Zunächst klingt es aber nach mehr Aufwand?
Es gibt diese falsche Vorstellung, dass BI viel Zeit frisst und aufwendig ist. Doch die Fakten, die zunächst bei unserer Herangehensweise gesammelt werden, helfen meist schnell, bestehende Hypothesen zu bestätigen oder zu verwerfen und das Vorgehen anzupassen. Am Anfang muss etwas Zeit investiert werden, doch das zahlt sich aus.
Wie ist ihre Erfahrung aus Kosovo?
Die Steuerbehörde Kosovos war sehr stark daran interessiert, neue Lösungen zu entwickeln, um die Steuerehrlichkeit bei den Bürgerinnen und Bürger zu fördern. Sie scheute keinerlei Mühe und war sehr interessiert, Einblick in verhaltenswissenschaftliche Faktoren und Ansätze zu bekommen. Der Austausch mit dem Weltbank-Team in Kosovo kam also genau im richtigen Moment. Das über Jahre aufgebaute Vertrauensverhältnis zwischen GIZ und der Steuerbehörde unterstützte das Projekt von Anfang bis Ende und diente als effektives Rückgrat für die gesamte Arbeit.
Wie fällt ihre Bilanz über die Zusammenarbeit aus?

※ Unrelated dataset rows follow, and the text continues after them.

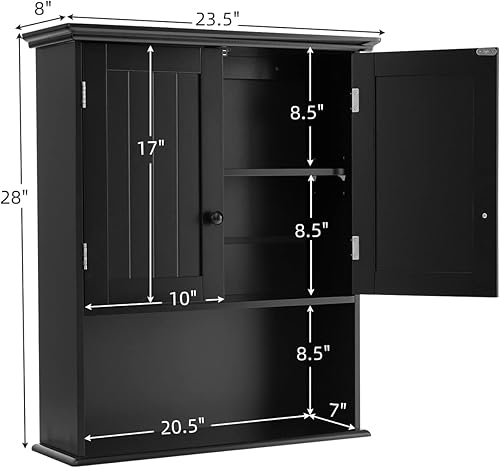 Miniatura 3 de COSTWAY Armario de baño montado en la pared, gabinete de almacenamiento sobre el inodoro con puertas dobles y estante ajustable, botiquín colgante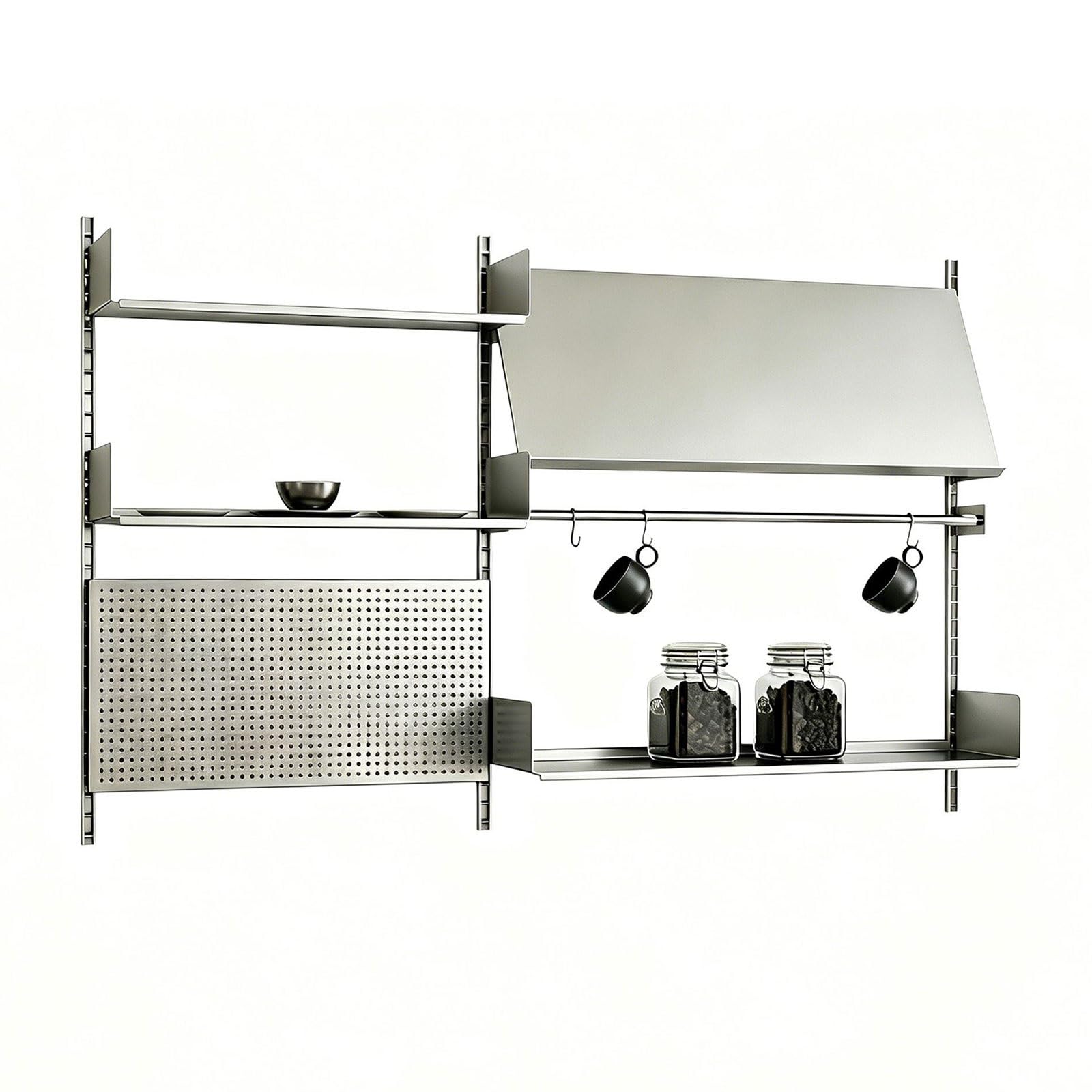 Pegboard Wall Organizer Acero Inoxidable Metal Organizador Dormitorio Altura de Estantes Ajustable Panel Perforado Pared Capacidad de Carga de 50Kg por Estante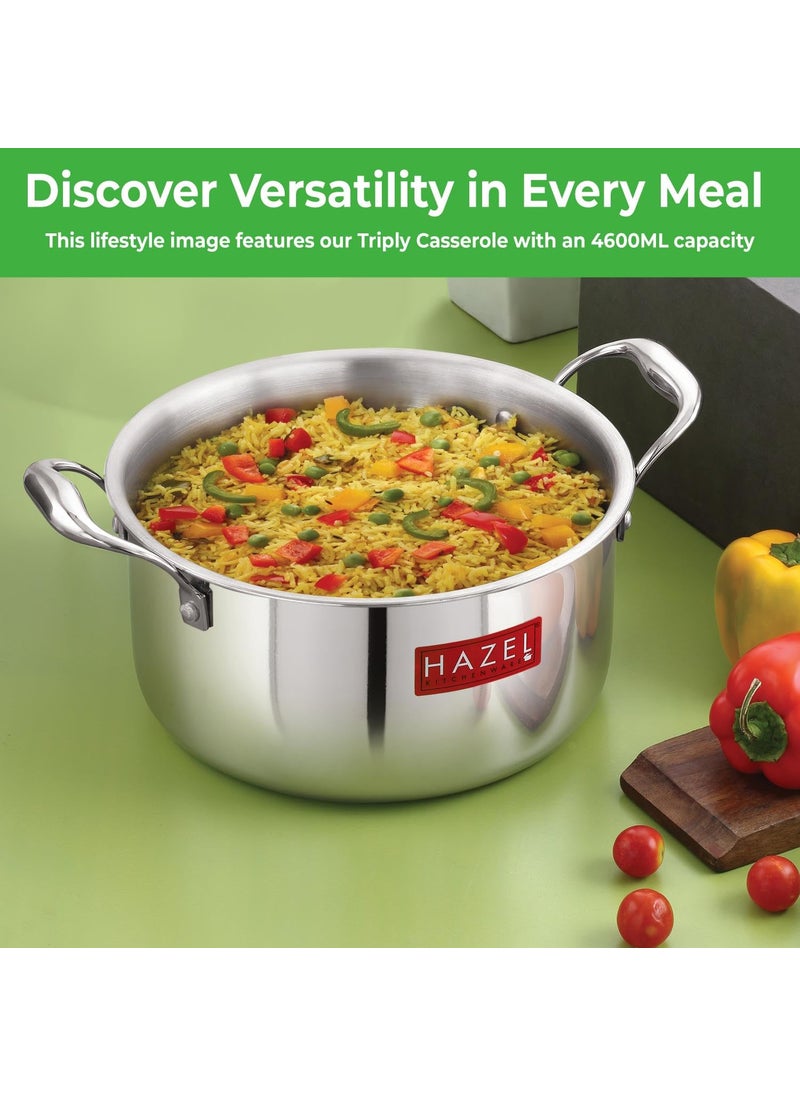 HAZEL Triply Stainless Steel Induction Bottom Tope with Handle, 4.2 Litre, 22.5 cm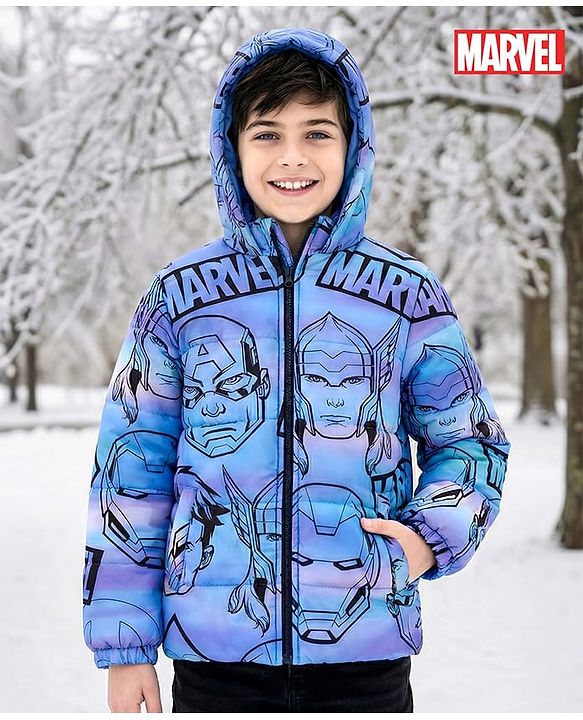 Pine Kids Marvel Woven Full Sleeves Hooded Padded Jacket with Avengers Graphic - Blue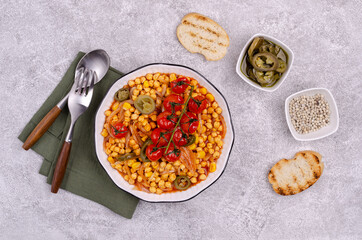 Stewed chickpeas with vegetables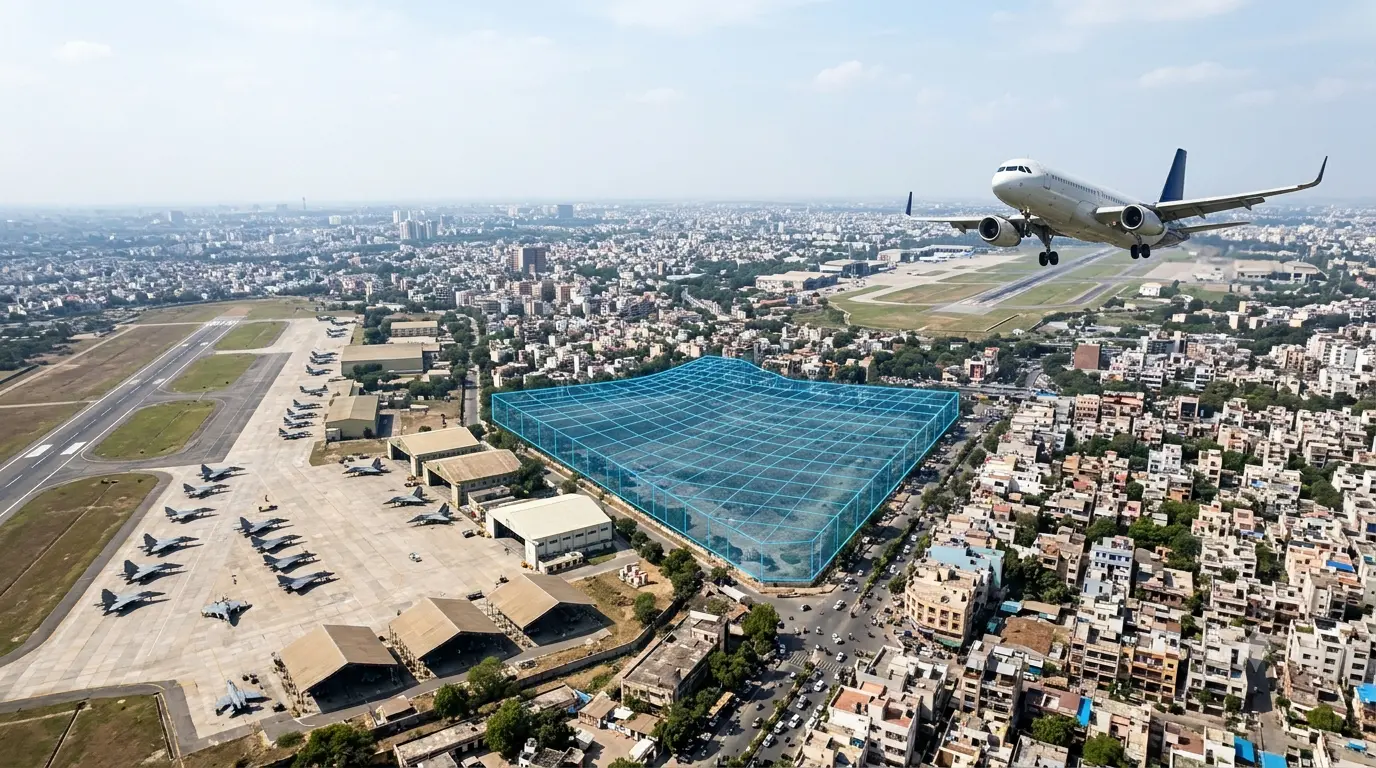 Plot between a civil airport and a military airbase needing defence and AAI NOC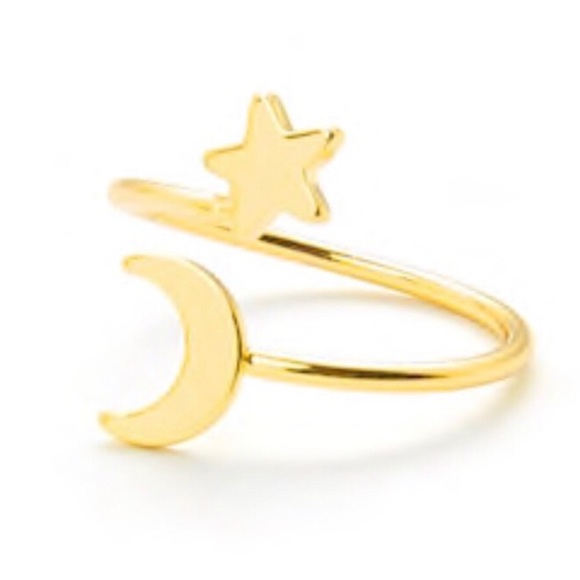 Ocean Dreams Jewelry - gold star and moon wrap ring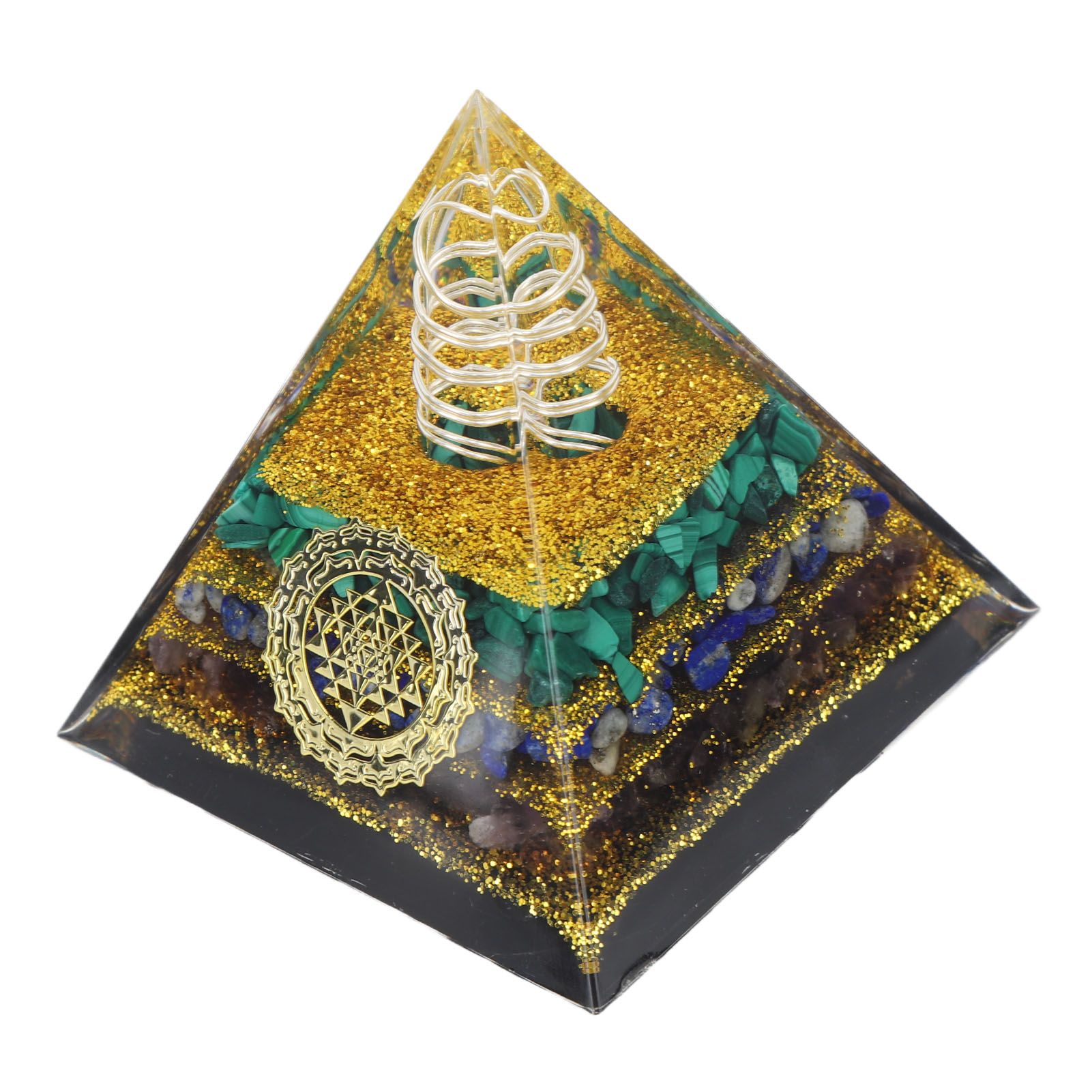 Crystal Pyramid Energy Generator Orgone Pyramid for Positive Energy Desktop Decoration Stress Reduce Healing Meditation Attract Wealth Lucky 6cm - Image 8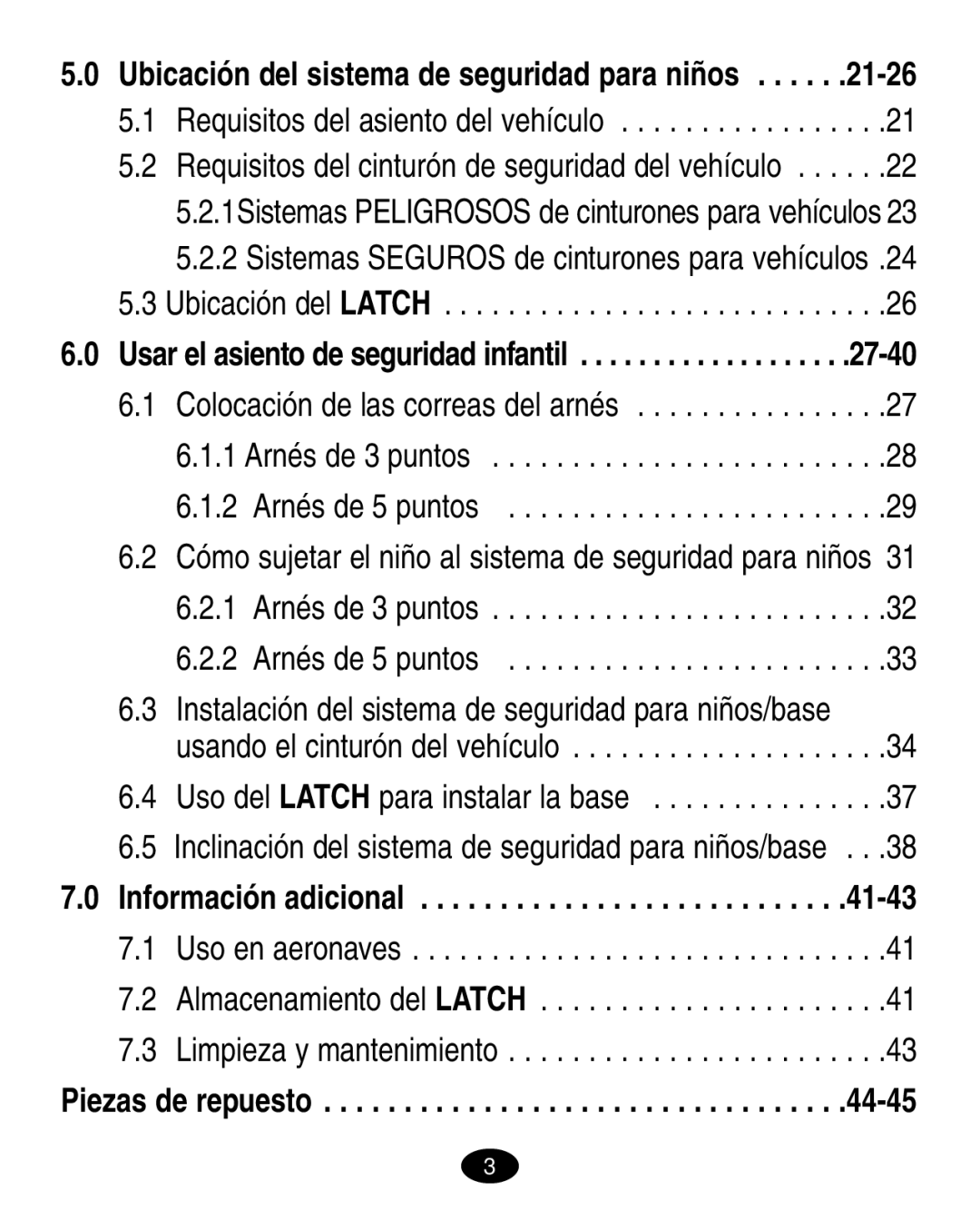 Graco 6123.6113 &6114, 6310 manual Piezas de repuesto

Die Arbeit mit der GIZ hat meine Erwartungen in mehr als einer Hinsicht übertroffen: die Leidenschaft, das Engagement, die Herzlichkeit und die Ansprechbarkeit der Kolleginnen und Kollegen. Das machte die Integration des verhaltenswissenschaftlichen Ansatzes in die Steuerverwaltung viel einfacher, als ich es je erlebt habe. Über das GIZ-Team hatten wir unmittelbaren Zugang zu Mitarbeitenden und der Leitung der Steuerbehörde. So lief Planung und Umsetzung des Projekts unglaublich glatt. Gleichzeitig wurden bei der Steuerbehörde Wissen und Fähigkeiten zu BI aufgebaut. Das ist ein wichtiger Aspekt, da wir immer hoffen, dass verhaltensorientiertes Denken und Handeln auch weitergeht.